In other news, Jon Reed got the drains up about SAP’s latest cloud shifting endeavors at TechEd. There is an ongoing debate about whether SAP Cloud Platform is a PaaS or really a runtime for SAP systems with some PaaS-like bells and whistles. That explanation is not properly baked and there is plenty of confusion around the topic. Be that as it may, the one thing that stands out to me is that SAP is positioning SCP as a way to extend the digital core in a way that ‘should’ – at least in theory – get those gazillions of SAP ABAP’ers on the cloud page for providing the solutions of tomorrow.
That’s not going to happen anytime soon because to get from zero to one in that game, developers need both business and domain expertise. That’s not where ABAP developer heads have largely been at. Perhaps they can take a leaf out of the New Relic customer base? That gives SAP time to get it right on the platform front and, from my perspective, get the Bring Your Own Language (BYOL) topic fleshed out the way developers currently understand and not through some funky OData plus REST API mashup as currently proposed.
My take
Putting it all together and what have we got?
- A fragmented and confusing landscape – good news for consultants
- The potential for modernizing but little appetite for disturbing what works
- A mid-market that’s been underserved but which needs to modernize in many verticals – maybe the mid-market eschews beer pricing in favor of getting ahead?
- IT shops that are aligning themselves with the business and, by implication, getting to grips with cloud hairballs – Salesforce better pay attention here.
- Choices. Too many? I doubt it but creating interesting decision-making problems.

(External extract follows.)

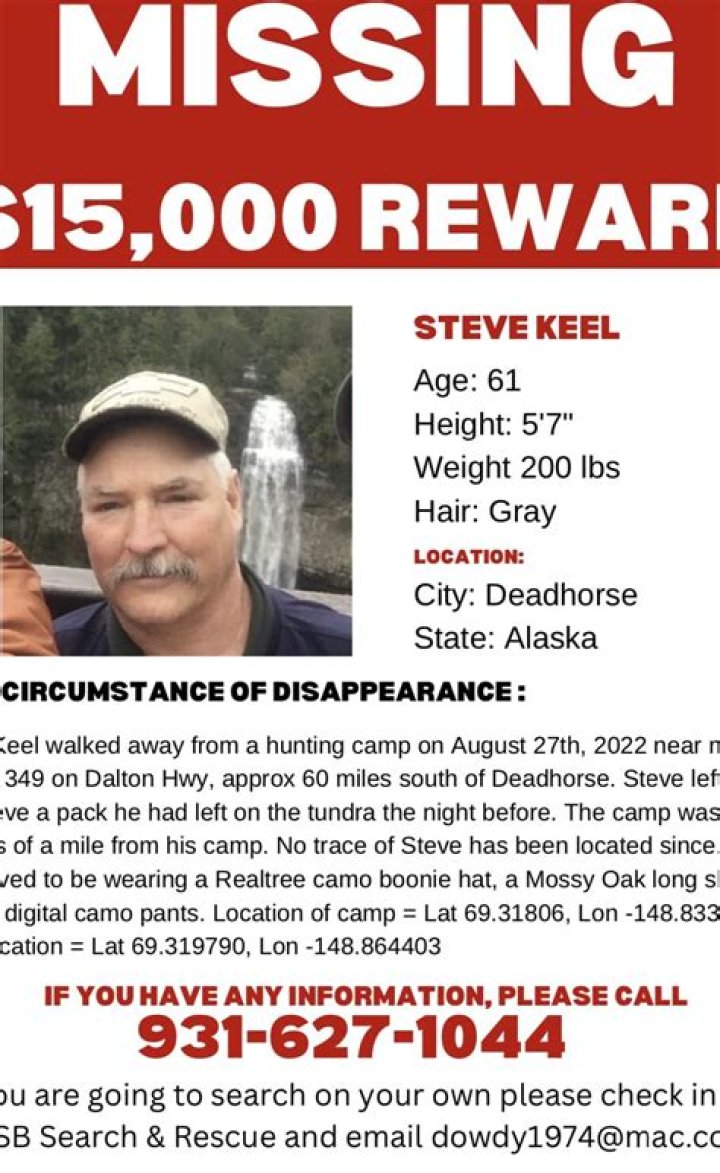 Steve Keller Missing Update: Is He Found Yet?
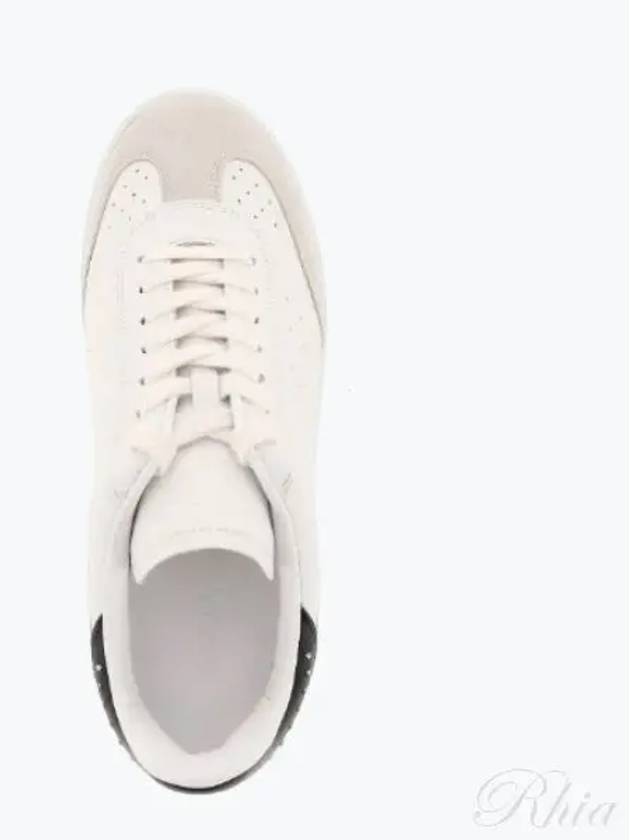 Bryce Logo Tab Low Top Sneakers White - ISABEL MARANT - BALAAN 2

But there’s an unspoken topic in play here to which I have had a number of backchannel conversations. It is clear that those who are on the digital journey have figured out where to place their bets and how. Check out my analysis of L’Oréal’s progress that has customer centricity at its core but pays attention to key and core distribution capabilities.
But there are plenty of firms where building the business model for any kind of transformation or digital project is fuzzy and nuanced. At the same time, vendors keep throwing more and more bits and pieces of stuff over the ERP wall in hopes that something will stick. Last year it was Big Data, this year its AI with some IoT lobbed in for good measure. None of this helps customers focus on the real issues.

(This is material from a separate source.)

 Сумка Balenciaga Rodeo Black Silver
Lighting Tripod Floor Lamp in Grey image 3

So is it over for ERP? Maybe except for the modernizing patterns that can be economically used through cloud-based initiatives. But that, in turn, means customers will be doing two things:
- Casting their nets a lot wider than the usual suspects
- Building a lot more than buying because the buy elements are largely not there to support their strategic compass bearings.
In short, RedMonk’s much-famed New Kingmakers are here and vendors that aren’t paying attention to this will find life getting really hard. We’re all on the road to XaaS after all.